*** Opening DATA ***

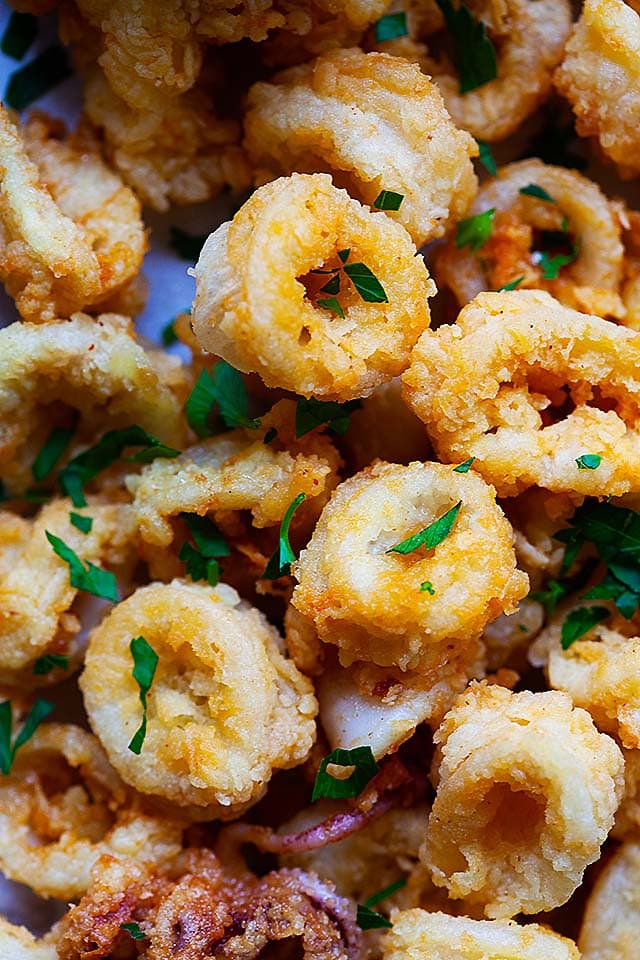 Fried calamari recipe Italian style with crispy coating and tomato sauce.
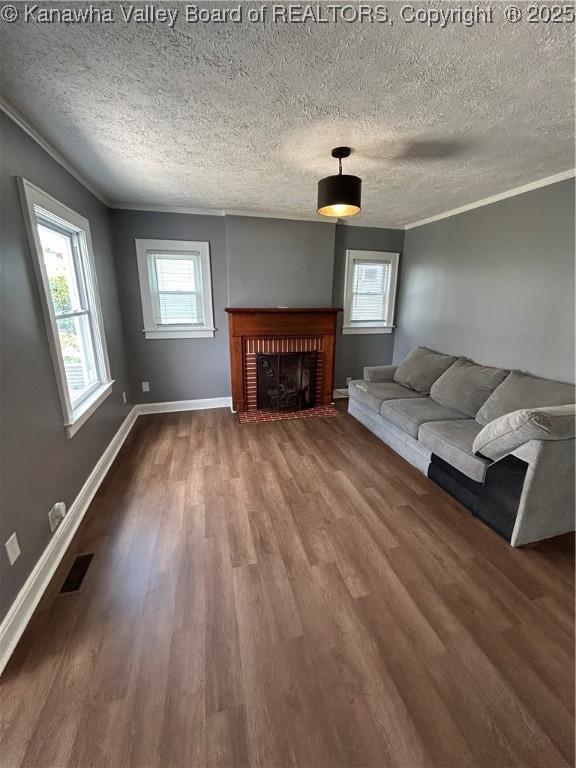 2010 Preston St, Charleston, WV 25302 - living area featuring wood finished floors, ornamental molding, a textured ceiling, and a fireplace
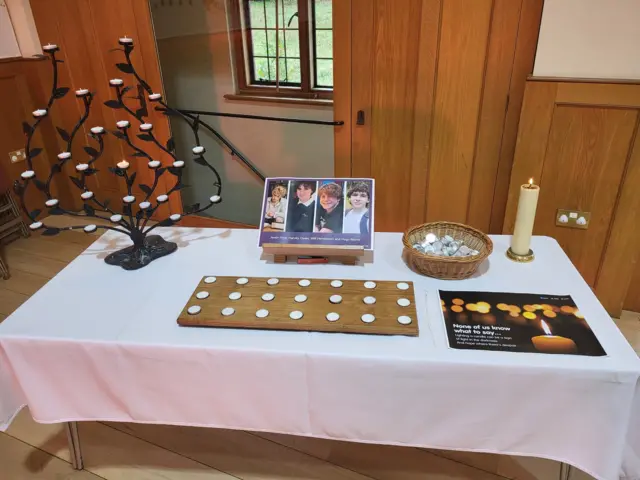 Table with a picture of the boys and candles in a church hall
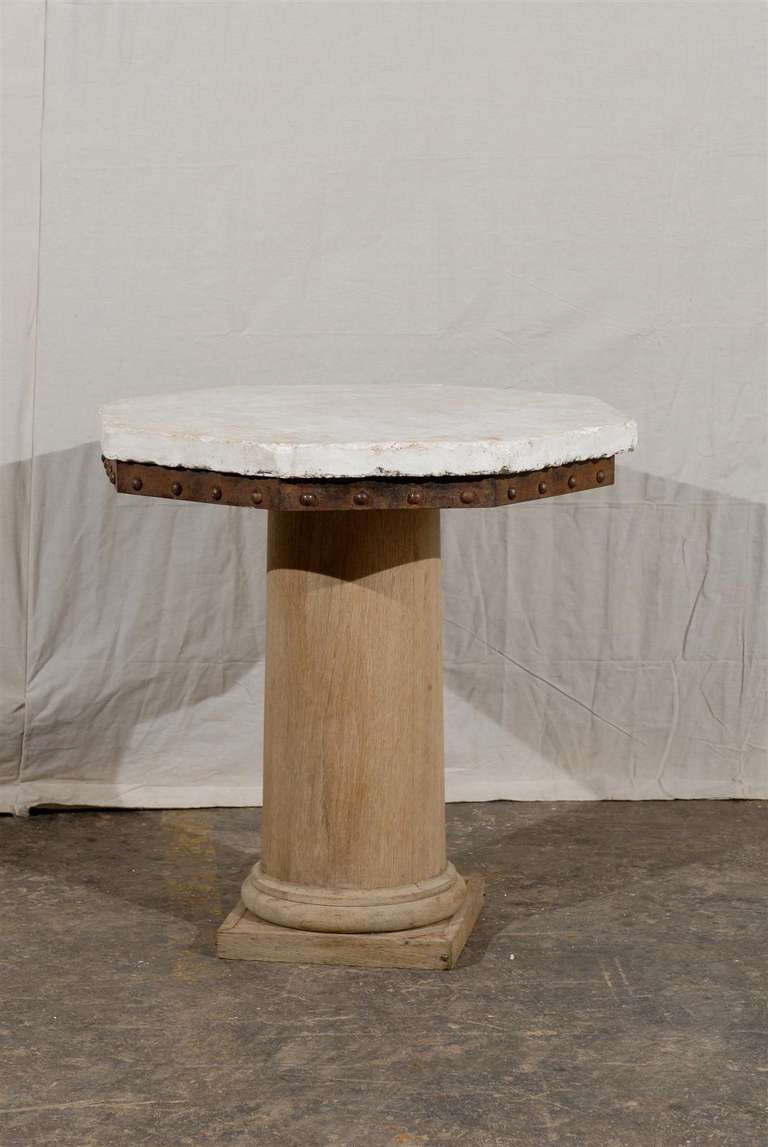 An American Bleached Oak and Coquina Stone Top Pedestal Center Table from the Early 20th Century (Later Top).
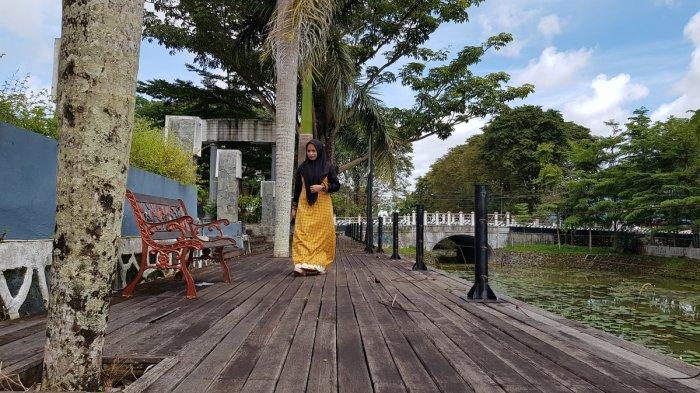 Pengunjung berjalan santai di selasar Orchid Park di dekat tepian sungai buatan setempat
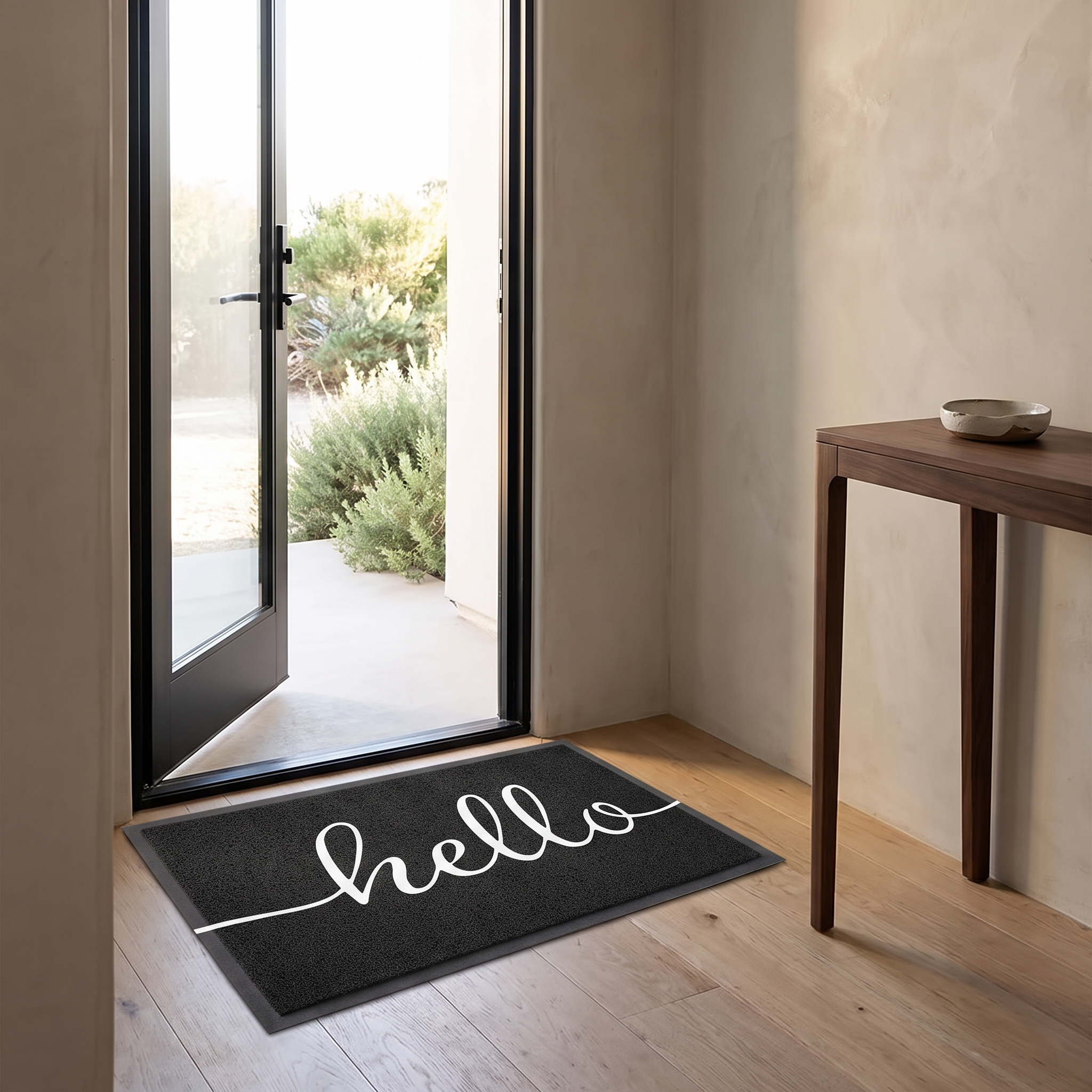 Hello welcome doormat in black on oak floorboards inside a coastal entry hall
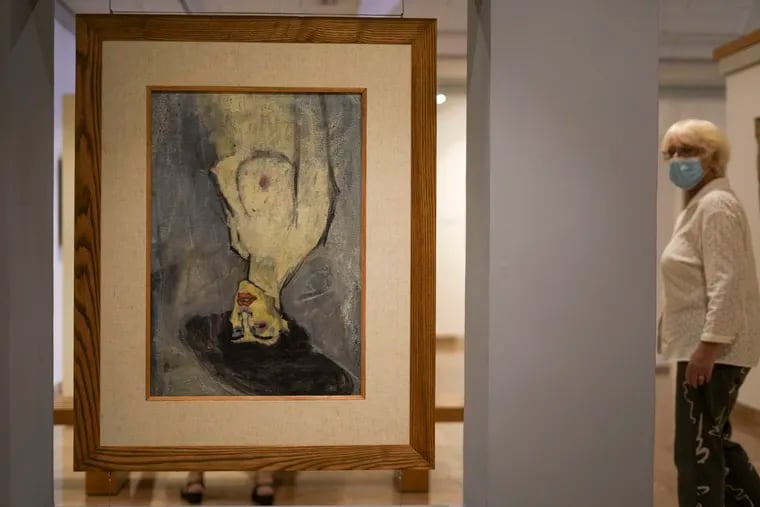 Amadeo Modigliani's 1908 "Nude with a Hat" is hung upside down because another painting by him, "Maud Abrantes," on the reverse side of the same canvas is oriented correctly, while on display at Haifa University's Hecht Museum in Haifa, Israel, in June. Curators at the museum using X-ray technology have discovered three previously unknown sketches by the celebrated 20th-century artist hiding beneath the surface of the painting.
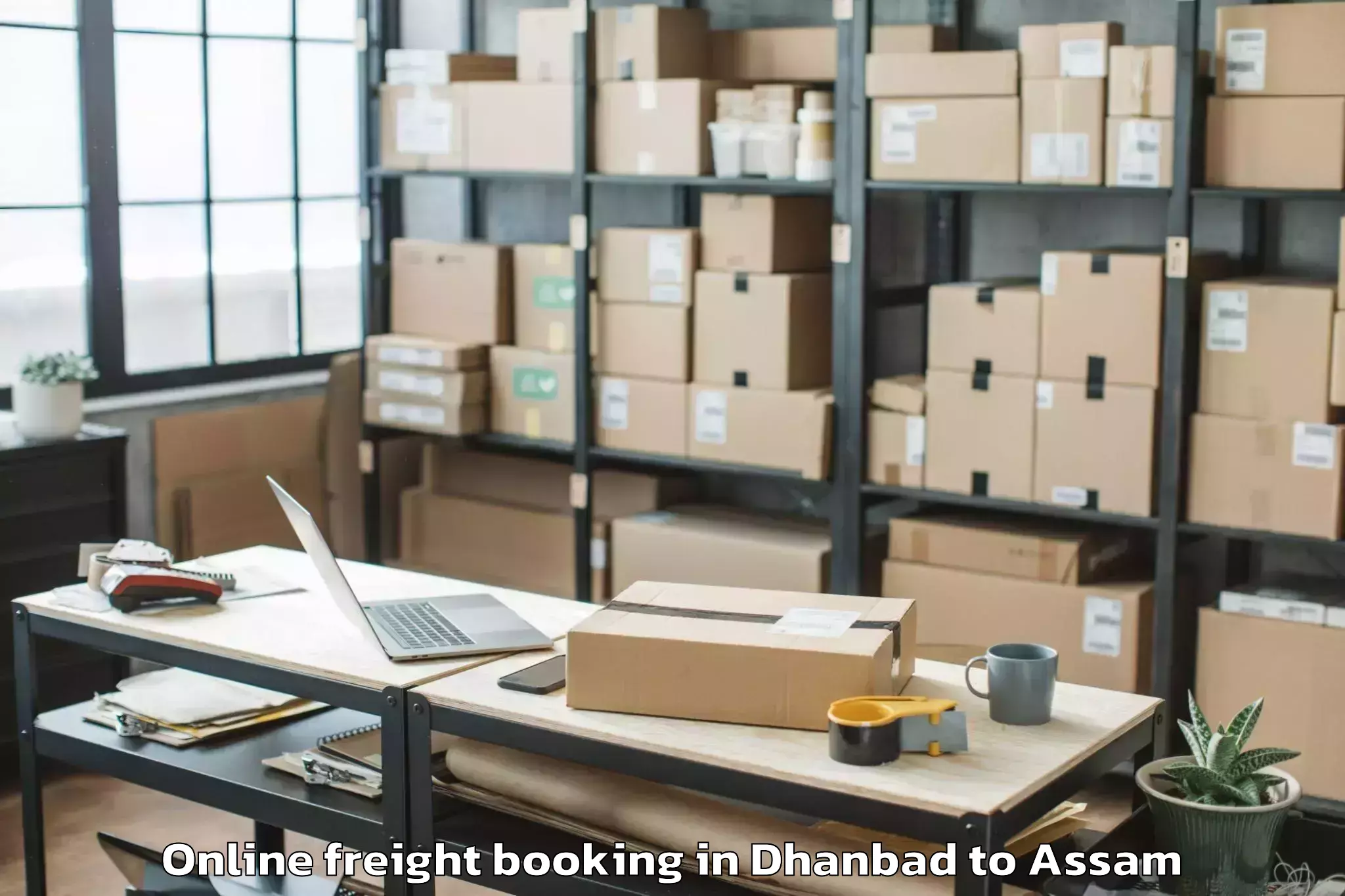 Quality Dhanbad to Gossaigaon Online Freight Booking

*** Closing DATA ***

> **EXERCISE OBJECTIVE**
The response is to contain exactly the lines from the beginning of the data through the line containing "Pengunjung berjalan santai", both ends included, and nothing else; omit the pictures.

> **RESPONSE TO THIS TASK**
 Fried calamari recipe Italian style with crispy coating and tomato sauce.
 2010 Preston St, Charleston, WV 25302 - living area featuring wood finished floors, ornamental molding, a textured ceiling, and a fireplace
 Table with a picture of the boys and candles in a church hall
 An American Bleached Oak and Coquina Stone Top Pedestal Center Table from the Early 20th Century (Later Top).
 Pengunjung berjalan santai di selasar Orchid Park di dekat tepian sungai buatan setempat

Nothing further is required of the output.